Caitlyn sat in the other, then surreptitiously kicked off her shoes and pulled her feet up underneath her skirts, settling in. The firelight caught in Raphael’s bronze hair and caressed his face. She felt like she could sit there all night, if it meant looking at him.
“Bianca’s story truly starts in the twelfth century, with Simon de Gagéac,” Raphael said.
“The Knight Templar who once owned this castle.”
He nodded. “The Templars were monastic warriors, sworn members of a religious brotherhood. Simon came from a noble family and was a devout Christian who believed that he fought in service to God. He had the rank of commander in Jerusalem, and some thought he would someday rise to become grand master of the entire order.”
“So he took it seriously.”
“Yes. But that all changed when he met a young woman from a small community outside of Jerusalem, a woman named Eshael. She was not Christian, Jew, or Muslim. She and her female kin instead worshipped a goddess in rites that had begun in the mists of time. To Simon, she was a heathen. But that did not stop him from falling madly, hopelessly in love with her.”
Caitlyn smiled. “It sounds very romantic.”
“But how often do such romantic tales end in happiness? Simon’s passion for Eshael was so all-consuming that he abandoned the Templar brotherhood and his vows of celibacy and poverty. He swore devotion to Eshael and promised to take her to France and treat her as a queen. Her female kin gave her a dowry of so much gold and treasure that eight wagons were needed to carry it.
“Simon’s family later said that it had been the plan of Eshael’s kin from the beginning to send her and the dowry to France, where both would be safe from the wars of the Crusades. They said that Eshael and her kin used the ancient magic of their goddess to enchant Simon.”
“Some people say that love itself is the most powerful magic,” Caitlyn said.
“But would true love make a man go against every principle that had guided his life, and make him break vows he had made to God?” Raphael shook his head. “Simon brought Eshael here, to the château, but she would not give up her goddess and so he could not marry her. The local men were frightened of Eshael and her strange ways. There were stories of firelight in the caves that pierce the cliffs beneath the château, and the dancing shadows of local women that Eshael had converted to worship of her goddess.

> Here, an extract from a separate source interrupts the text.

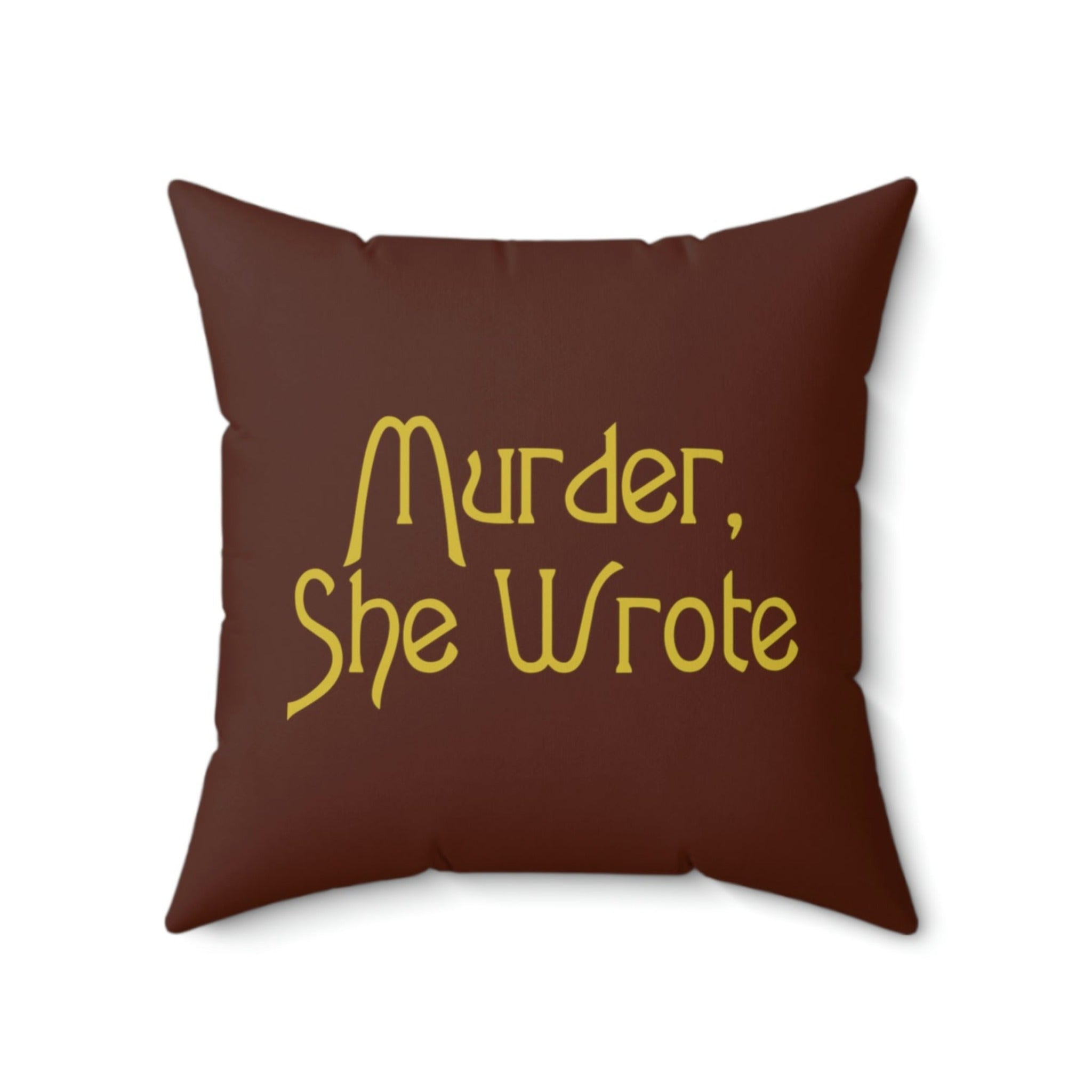 Murder she wrote faux suede pillow cover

“Simon’s love for Eshael began to fade; he started to see evil in all she did and all she was. The final straw came after Eshael bore him their first child, a daughter. When Simon discovered Eshael consecrating their child to her goddess, the last vestiges of his love turned to hatred. In his rage, he killed her.”

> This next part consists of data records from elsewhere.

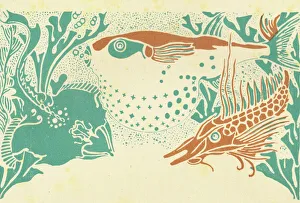 A sketch representing The Depths of the Sea A sketch representing The Depths of the Sea
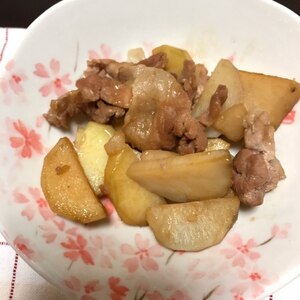 豚肉とさつまいもの甘辛炒め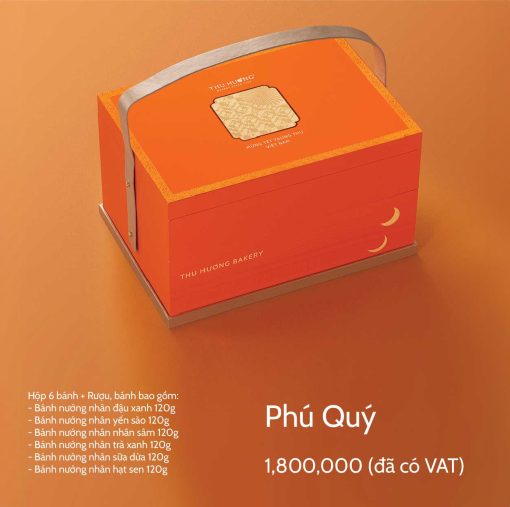 Bánh Trung Thu Thu Hương Bakery Hộp Phú Quý
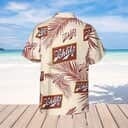 Classic Schlitz Hawaiian Shirt Palm Leaves Gift For Beer Drinkers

“Oh my God,” Caitlyn whispered, horrified. “What happened to the child?”
“Simon couldn’t love the girl, nor could he kill his own flesh. He sent her to distant relatives to the east and forgot about her. Simon went on to marry and have legal sons and daughters, but after Eshael’s death he was never the same. He became as obsessed with his sins as he had once been with Eshael, and he was convinced that her dowry was cursed.
“Eshael’s child eventually married and bore only daughters; that daughter, in turn, married and bore only daughters; and so on through the centuries, each daughter passing down this story as their legacy. The daughters of Eshael had a talent for midwifery, and they passed down that skill as well. Eventually, one of these daughters married a merchant from Florence, and so a descendant of Eshael was born just outside that great city. She was Ania, and she would one day become Bianca’s mother.

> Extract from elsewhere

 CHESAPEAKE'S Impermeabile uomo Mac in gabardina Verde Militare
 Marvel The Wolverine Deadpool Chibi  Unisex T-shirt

“At fourteen, Ania was beautiful, but there was something otherworldly about her. Ania sometimes knew the future, and people thought there was more to her healing than herbs and hot compresses. It was something in her hands themselves that healed them.
“One day while she was out gathering herbs, she caught the eye of Cosimo de’ Medici. It was the year 1535, and he was only sixteen.”
Caitlyn nodded, remembering what she’d found in her research about Bianca.